The bill also would fund loans to help communities with the cost of mitigation projects, from improving old storm water systems to shoreline erosion.

Peters toured Shepherd Park on Wednesday, along with Oak Park Mayor Marian McClellan, Oakland County Water Resource Commissioner Jim Nash, and Birmingham Bloomfield Chamber of Commerce President Joe Bauman.

In a statement, Peters said his visit in Oak Park showed “how severe storms and devastating floods continue to impact livelihoods all across Michigan.”

He referred to the extreme weather events seen in recent years as the climate has changed.

“It’s abundantly clear we must act now to ensure our nation’s infrastructure can withstand these natural disasters and protect our communities,” Peters said.

The STORM Act would ensure Michigan’s infrastructure is built to safeguard lives and livelihoods from natural disasters, he added, as he and local officials urged the U.S. House to pass the bill.
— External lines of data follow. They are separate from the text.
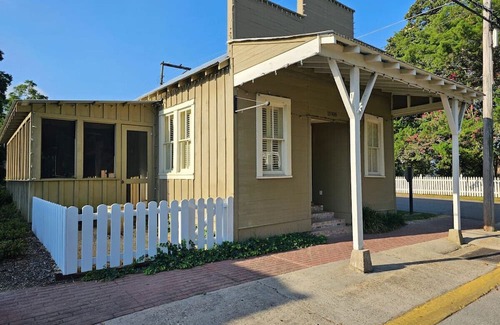 St. Francisville Cottage | Ayres Cottage by Louisiana Hospitality Group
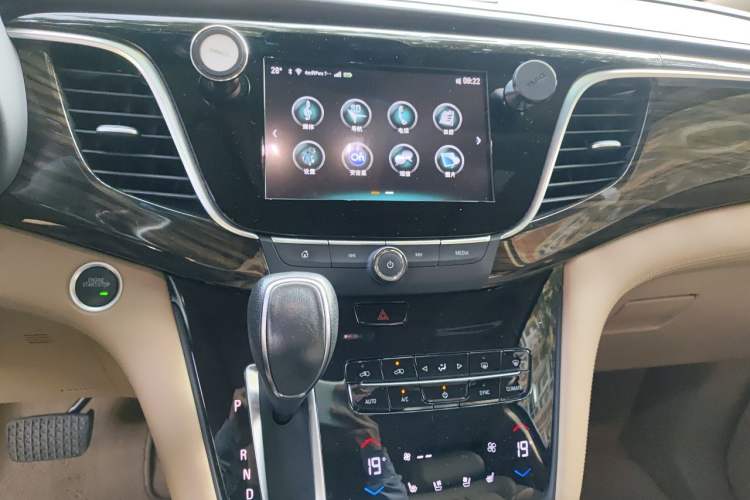 Used Buick GL8 2017 ES 28T Flagship Model China V Standard Audio And AC Panel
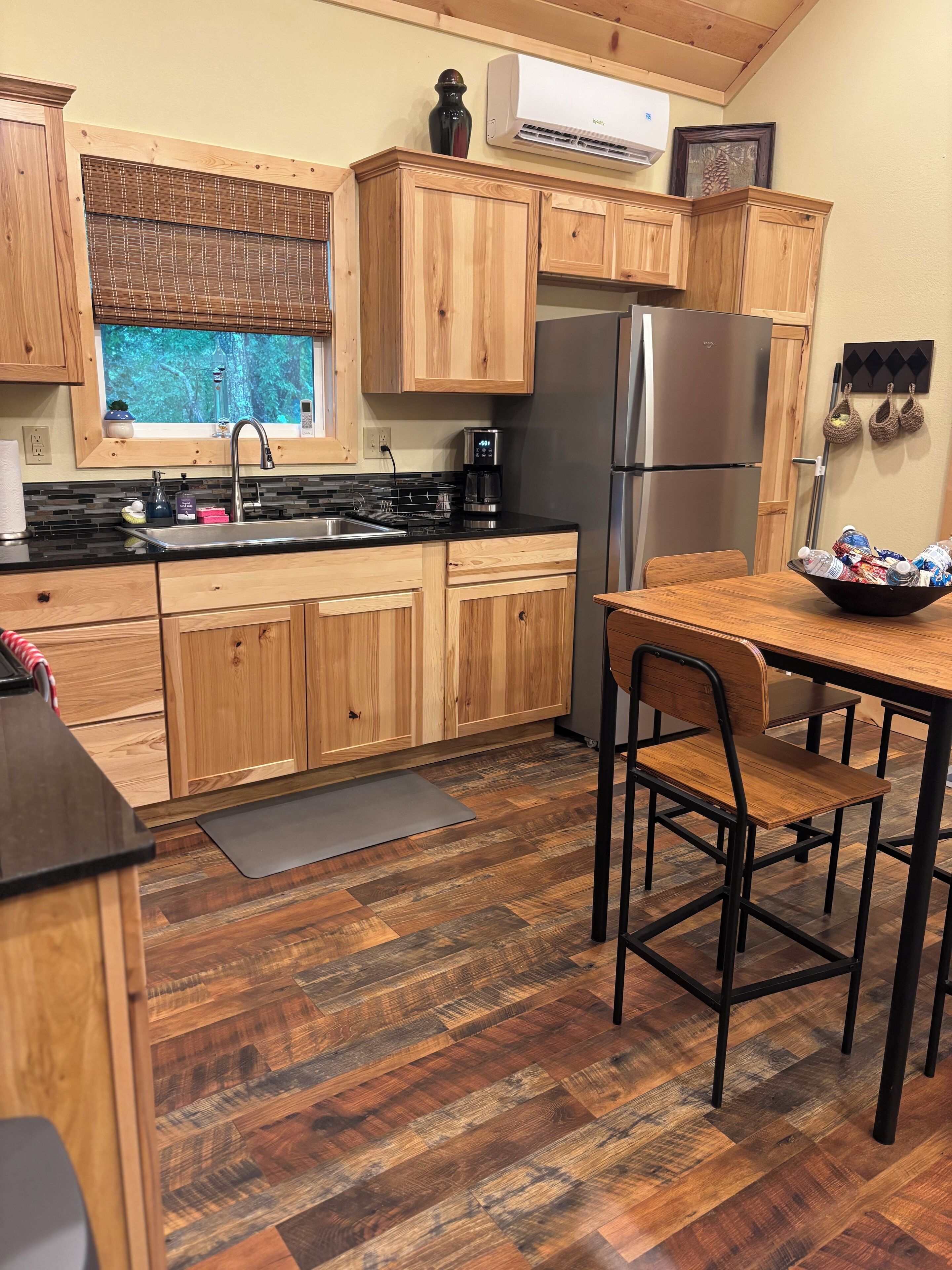 ميكروويف، فرن، موقد طهي مسطح، مناشف ورقية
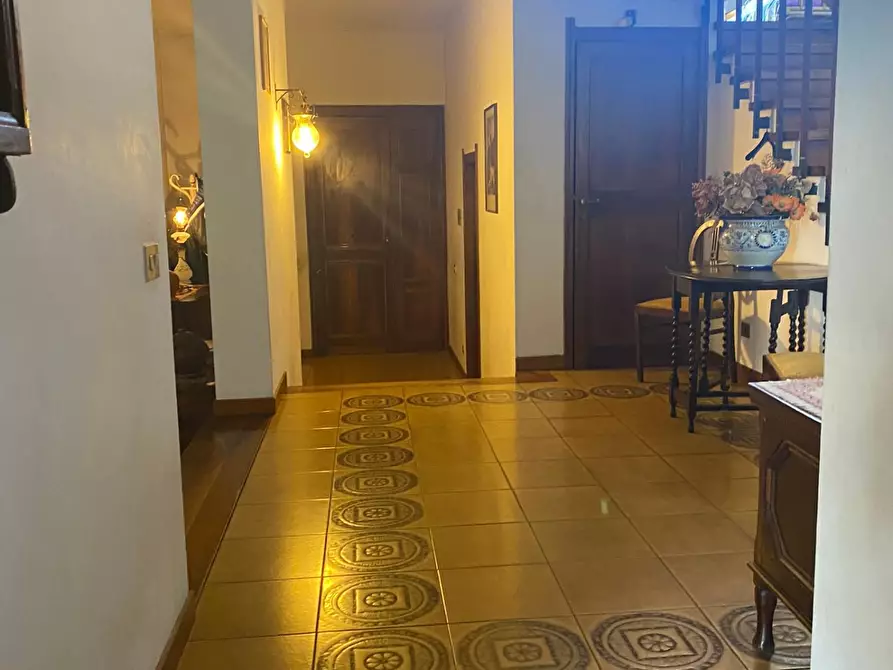 Immagine 4 di Villa in vendita  a Empoli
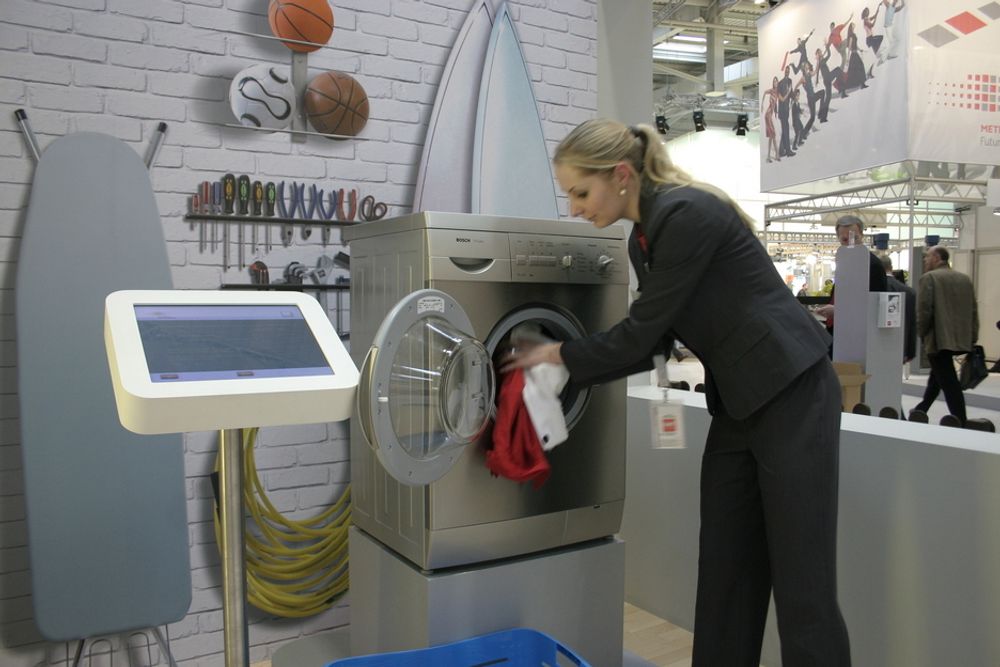 UNNGÅ ROSA KLÆR: I fremtiden kan også vaskemaskinen gi deg vaskeråd ved hjelp av RFID-klærne kan gi beskjed til maskinen om hvordan de skal vaskes. Blander du rødt og hvit vil alarmen automatisk gå på.
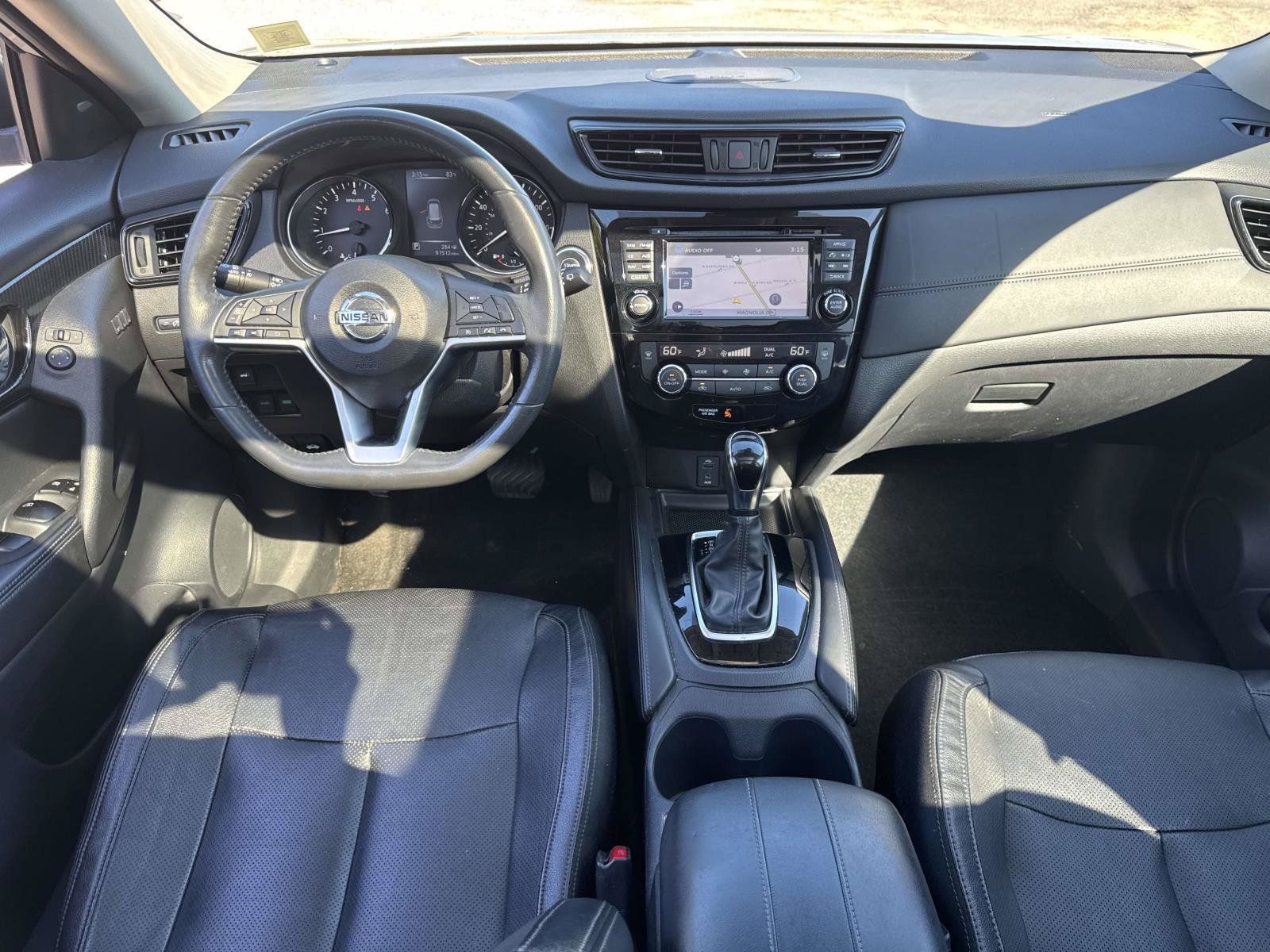 Used 2017 Nissan Rogue SL w/ SL Premium Package AWD/4WD image 11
McClellan said in a statement after Peter’s visit that she supports Peters’ STORM Act.

“Senator Peters’ work will not only help safeguard countless Michiganders,” she said, “but ensure that local communities  with limited resources do not have to burden residents with higher fees to pay for resilience projects.”

McClellan told FOX2 News that the infrastructure in Oak Park is from 65 to100 years old and needs to be replaced, but the city lacks the funds to do that on its own. 

“It’s a million dollars a mile to fix this stuff,” she said, adding there are 120 miles of underground water-sewer pipes and related infrastructure.

Mitigating the effect of natural disasters is more cost effective than only responding to them after they happen, according to a news release from Peter’s office. 

Studies show that spending on resilience and mitigation projects saves taxpayers $6 for each $1 invested.

Nash said in a statement he is hopeful Peter’s infrastructure bill will soon pass in the U.S. House.

“Extreme flooding and weather continue to severely impact residents right here in Oak Park,” Nash said. “It’s clear our communities need to upgrade our infrastructure to better handle these severe storms and protect residents from floods.”

Peters’ STORM Act would allow local governments to invest in mitigation projects against shoreline erosion, rising water levels and other natural disasters. Communities could get the low-cost loans much quicker than existing grants from the Federal Emergency Management Agency, according to his news release.